*TASK TO CARRY OUT*
Needed from the data below: every line from the one with "Photo 35 of" up to and including the one with "Porsche Macan с", repeated exactly and with nothing else.

*MATERIAL FOR THIS TASK*
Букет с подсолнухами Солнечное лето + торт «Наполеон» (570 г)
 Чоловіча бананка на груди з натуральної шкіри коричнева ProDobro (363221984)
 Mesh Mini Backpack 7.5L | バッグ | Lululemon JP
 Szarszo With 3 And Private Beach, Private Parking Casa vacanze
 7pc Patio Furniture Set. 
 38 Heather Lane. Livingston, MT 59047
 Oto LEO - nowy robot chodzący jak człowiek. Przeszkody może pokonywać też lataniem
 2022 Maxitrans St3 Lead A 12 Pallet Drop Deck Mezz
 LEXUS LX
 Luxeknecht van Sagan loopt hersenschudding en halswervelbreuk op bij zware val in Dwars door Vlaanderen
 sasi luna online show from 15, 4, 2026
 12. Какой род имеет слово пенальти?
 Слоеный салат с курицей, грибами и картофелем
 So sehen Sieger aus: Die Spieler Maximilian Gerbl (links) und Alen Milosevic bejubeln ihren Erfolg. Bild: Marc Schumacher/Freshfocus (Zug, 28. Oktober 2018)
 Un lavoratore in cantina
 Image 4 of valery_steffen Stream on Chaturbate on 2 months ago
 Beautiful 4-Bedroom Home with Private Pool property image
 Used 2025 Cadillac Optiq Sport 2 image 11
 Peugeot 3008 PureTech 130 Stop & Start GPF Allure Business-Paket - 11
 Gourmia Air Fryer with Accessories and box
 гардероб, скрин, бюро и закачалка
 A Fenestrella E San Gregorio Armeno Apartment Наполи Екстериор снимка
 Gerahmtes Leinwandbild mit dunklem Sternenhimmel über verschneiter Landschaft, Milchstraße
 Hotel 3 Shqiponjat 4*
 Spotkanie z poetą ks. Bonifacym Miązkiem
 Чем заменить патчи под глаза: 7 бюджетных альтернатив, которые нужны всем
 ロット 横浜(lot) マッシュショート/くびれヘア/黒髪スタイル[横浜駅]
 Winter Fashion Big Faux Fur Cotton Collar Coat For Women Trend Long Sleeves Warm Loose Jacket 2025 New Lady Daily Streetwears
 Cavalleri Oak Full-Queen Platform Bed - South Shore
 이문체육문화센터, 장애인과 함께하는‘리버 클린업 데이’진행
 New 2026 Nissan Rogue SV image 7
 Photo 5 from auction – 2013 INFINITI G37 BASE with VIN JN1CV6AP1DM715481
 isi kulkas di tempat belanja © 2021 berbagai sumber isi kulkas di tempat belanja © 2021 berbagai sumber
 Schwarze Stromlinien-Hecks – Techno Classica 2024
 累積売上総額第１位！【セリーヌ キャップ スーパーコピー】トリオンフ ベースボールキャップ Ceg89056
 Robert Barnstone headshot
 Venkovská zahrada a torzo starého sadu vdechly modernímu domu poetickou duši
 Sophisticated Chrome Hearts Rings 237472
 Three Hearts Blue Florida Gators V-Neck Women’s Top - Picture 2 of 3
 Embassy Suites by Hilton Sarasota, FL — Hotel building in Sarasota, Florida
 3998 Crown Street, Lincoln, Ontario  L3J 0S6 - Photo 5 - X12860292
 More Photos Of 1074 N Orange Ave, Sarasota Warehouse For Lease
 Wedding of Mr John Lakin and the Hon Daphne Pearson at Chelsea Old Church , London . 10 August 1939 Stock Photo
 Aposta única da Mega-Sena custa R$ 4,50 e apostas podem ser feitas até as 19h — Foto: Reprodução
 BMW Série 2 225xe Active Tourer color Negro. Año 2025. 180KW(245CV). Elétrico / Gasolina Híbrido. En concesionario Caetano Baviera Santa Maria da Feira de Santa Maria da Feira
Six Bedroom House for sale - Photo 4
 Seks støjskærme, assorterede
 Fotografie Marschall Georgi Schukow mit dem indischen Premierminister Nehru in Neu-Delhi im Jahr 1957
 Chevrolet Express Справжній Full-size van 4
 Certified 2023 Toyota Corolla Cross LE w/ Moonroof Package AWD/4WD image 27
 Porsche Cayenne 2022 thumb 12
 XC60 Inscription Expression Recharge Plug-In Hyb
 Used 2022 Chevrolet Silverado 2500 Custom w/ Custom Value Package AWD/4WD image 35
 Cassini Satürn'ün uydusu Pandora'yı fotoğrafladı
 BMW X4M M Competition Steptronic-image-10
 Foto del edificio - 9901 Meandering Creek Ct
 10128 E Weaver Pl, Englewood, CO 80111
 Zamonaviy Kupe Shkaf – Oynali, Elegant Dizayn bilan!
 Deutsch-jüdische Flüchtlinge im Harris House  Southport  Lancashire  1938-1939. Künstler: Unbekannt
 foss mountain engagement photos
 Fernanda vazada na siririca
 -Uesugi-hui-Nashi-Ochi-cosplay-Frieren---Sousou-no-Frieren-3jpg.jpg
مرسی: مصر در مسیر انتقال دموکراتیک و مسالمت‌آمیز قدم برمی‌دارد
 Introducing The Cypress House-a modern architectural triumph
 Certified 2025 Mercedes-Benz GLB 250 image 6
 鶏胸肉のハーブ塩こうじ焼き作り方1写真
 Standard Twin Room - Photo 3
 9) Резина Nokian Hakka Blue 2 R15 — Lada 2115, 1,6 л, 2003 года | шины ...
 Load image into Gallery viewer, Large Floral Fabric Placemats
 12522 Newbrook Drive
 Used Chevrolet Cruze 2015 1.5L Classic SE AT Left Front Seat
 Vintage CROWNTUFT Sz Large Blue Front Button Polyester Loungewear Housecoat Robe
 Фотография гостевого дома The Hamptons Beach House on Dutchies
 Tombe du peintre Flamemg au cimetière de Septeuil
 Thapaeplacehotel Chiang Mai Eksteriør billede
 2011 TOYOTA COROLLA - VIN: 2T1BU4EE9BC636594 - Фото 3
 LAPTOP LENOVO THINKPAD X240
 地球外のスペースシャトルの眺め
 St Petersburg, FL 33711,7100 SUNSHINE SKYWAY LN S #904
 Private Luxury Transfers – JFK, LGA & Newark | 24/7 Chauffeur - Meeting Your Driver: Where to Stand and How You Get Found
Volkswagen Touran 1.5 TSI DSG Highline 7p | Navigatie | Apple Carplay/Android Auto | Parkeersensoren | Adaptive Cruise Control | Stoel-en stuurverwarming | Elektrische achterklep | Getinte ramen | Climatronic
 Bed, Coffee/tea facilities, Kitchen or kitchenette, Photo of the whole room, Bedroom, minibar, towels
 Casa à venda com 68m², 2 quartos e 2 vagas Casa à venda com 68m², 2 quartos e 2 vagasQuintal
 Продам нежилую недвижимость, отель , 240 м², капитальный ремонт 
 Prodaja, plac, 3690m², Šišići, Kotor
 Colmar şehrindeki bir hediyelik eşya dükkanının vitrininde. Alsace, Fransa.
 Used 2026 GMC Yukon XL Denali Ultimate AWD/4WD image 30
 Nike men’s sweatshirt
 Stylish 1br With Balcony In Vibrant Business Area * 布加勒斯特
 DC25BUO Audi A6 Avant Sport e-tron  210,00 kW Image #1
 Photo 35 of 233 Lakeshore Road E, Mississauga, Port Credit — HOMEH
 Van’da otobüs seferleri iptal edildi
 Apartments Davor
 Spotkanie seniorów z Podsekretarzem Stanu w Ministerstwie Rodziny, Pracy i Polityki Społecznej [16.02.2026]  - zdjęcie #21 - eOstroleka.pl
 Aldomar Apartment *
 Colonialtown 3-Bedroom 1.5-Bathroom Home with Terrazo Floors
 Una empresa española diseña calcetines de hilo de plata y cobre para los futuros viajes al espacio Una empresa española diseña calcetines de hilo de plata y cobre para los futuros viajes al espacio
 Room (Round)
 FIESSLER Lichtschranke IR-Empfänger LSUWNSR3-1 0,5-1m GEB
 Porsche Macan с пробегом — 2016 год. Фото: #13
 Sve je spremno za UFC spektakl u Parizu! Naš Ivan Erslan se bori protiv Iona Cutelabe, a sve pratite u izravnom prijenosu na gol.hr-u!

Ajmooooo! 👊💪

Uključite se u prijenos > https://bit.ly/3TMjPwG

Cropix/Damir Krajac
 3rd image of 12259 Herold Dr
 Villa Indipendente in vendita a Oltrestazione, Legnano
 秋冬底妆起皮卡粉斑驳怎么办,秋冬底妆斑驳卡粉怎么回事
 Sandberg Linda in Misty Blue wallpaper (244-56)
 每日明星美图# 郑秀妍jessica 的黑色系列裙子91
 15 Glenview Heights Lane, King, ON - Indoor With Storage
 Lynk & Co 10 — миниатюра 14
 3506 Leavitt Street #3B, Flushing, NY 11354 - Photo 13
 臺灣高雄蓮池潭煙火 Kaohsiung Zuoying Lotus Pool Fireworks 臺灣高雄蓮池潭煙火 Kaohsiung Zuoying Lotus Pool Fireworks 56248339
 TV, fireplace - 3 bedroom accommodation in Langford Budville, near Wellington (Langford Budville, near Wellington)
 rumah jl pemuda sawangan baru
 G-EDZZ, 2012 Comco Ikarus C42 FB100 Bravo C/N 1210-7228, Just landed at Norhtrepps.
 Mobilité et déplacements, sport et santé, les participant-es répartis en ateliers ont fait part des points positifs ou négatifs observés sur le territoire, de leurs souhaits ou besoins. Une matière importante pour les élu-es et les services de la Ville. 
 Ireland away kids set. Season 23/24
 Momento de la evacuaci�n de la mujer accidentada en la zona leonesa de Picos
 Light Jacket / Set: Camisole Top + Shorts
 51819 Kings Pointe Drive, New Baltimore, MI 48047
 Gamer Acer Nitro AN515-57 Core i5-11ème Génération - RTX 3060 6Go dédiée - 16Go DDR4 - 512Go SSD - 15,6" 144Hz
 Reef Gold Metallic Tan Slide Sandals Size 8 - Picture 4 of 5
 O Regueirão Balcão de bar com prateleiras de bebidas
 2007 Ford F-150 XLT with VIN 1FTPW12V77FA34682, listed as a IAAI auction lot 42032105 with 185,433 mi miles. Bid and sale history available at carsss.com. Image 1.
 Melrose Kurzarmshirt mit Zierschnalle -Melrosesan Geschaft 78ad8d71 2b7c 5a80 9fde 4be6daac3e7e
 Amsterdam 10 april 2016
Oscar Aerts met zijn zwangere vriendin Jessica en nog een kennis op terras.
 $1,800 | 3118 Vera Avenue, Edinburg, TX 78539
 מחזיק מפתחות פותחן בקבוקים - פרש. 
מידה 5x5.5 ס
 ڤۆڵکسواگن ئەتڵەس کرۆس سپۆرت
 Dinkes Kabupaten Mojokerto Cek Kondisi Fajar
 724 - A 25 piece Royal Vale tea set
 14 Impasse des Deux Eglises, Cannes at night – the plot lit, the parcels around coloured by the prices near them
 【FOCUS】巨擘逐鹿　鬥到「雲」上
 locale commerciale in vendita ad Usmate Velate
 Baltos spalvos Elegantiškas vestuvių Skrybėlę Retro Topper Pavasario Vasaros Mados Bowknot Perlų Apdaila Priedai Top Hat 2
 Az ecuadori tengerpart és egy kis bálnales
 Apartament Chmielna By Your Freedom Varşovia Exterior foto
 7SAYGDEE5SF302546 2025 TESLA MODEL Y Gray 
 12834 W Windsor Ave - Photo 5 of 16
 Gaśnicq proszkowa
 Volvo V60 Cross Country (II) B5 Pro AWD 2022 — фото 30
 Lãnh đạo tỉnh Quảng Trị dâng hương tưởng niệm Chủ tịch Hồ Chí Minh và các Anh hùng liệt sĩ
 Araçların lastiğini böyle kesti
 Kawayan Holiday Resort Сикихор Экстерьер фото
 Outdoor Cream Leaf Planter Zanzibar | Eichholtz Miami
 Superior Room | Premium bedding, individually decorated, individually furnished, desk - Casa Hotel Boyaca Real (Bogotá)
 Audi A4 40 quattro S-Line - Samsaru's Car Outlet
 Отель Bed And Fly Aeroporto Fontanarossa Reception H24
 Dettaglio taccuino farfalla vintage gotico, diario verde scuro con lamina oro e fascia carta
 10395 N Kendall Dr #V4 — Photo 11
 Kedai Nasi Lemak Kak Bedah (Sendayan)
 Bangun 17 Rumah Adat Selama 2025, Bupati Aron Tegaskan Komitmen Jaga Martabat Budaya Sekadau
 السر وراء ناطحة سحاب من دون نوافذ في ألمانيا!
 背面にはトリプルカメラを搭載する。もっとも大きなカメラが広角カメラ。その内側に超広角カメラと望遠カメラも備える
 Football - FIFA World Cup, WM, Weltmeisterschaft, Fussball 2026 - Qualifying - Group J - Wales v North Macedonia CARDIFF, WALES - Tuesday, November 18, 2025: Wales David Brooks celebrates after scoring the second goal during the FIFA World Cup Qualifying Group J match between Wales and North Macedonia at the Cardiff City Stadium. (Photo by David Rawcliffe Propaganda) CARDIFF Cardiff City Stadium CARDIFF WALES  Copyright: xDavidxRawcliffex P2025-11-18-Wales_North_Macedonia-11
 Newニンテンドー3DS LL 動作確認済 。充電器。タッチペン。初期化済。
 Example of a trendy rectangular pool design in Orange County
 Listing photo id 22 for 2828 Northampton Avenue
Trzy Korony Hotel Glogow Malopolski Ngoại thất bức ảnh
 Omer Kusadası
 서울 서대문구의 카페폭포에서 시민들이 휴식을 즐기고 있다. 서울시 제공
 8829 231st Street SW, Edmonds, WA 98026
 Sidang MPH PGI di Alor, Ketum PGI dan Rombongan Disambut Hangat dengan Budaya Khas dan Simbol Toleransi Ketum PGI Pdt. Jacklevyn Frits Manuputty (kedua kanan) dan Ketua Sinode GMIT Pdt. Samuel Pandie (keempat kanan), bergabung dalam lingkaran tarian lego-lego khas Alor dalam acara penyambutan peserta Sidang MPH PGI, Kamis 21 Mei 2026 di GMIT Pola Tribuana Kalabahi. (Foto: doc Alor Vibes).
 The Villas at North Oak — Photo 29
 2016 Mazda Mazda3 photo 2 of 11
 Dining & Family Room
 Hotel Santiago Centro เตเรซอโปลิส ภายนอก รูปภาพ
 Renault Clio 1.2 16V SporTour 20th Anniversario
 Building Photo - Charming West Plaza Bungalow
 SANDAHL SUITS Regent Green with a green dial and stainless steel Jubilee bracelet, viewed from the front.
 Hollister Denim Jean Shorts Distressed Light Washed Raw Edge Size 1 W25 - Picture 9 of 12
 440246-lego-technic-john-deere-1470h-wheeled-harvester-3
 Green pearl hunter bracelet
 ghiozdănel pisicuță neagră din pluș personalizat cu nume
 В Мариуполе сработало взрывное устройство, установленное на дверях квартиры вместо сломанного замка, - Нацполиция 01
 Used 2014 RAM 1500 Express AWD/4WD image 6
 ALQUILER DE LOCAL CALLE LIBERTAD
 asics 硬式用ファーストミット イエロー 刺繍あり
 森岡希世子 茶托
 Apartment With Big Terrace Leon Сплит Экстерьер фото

*ANSWER BOX*
 Photo 35 of 233 Lakeshore Road E, Mississauga, Port Credit — HOMEH
 Van’da otobüs seferleri iptal edildi
 Apartments Davor
 Spotkanie seniorów z Podsekretarzem Stanu w Ministerstwie Rodziny, Pracy i Polityki Społecznej [16.02.2026]  - zdjęcie #21 - eOstroleka.pl
 Aldomar Apartment *
 Colonialtown 3-Bedroom 1.5-Bathroom Home with Terrazo Floors
 Una empresa española diseña calcetines de hilo de plata y cobre para los futuros viajes al espacio Una empresa española diseña calcetines de hilo de plata y cobre para los futuros viajes al espacio
 Room (Round)
 FIESSLER Lichtschranke IR-Empfänger LSUWNSR3-1 0,5-1m GEB
 Porsche Macan с пробегом — 2016 год. Фото: #13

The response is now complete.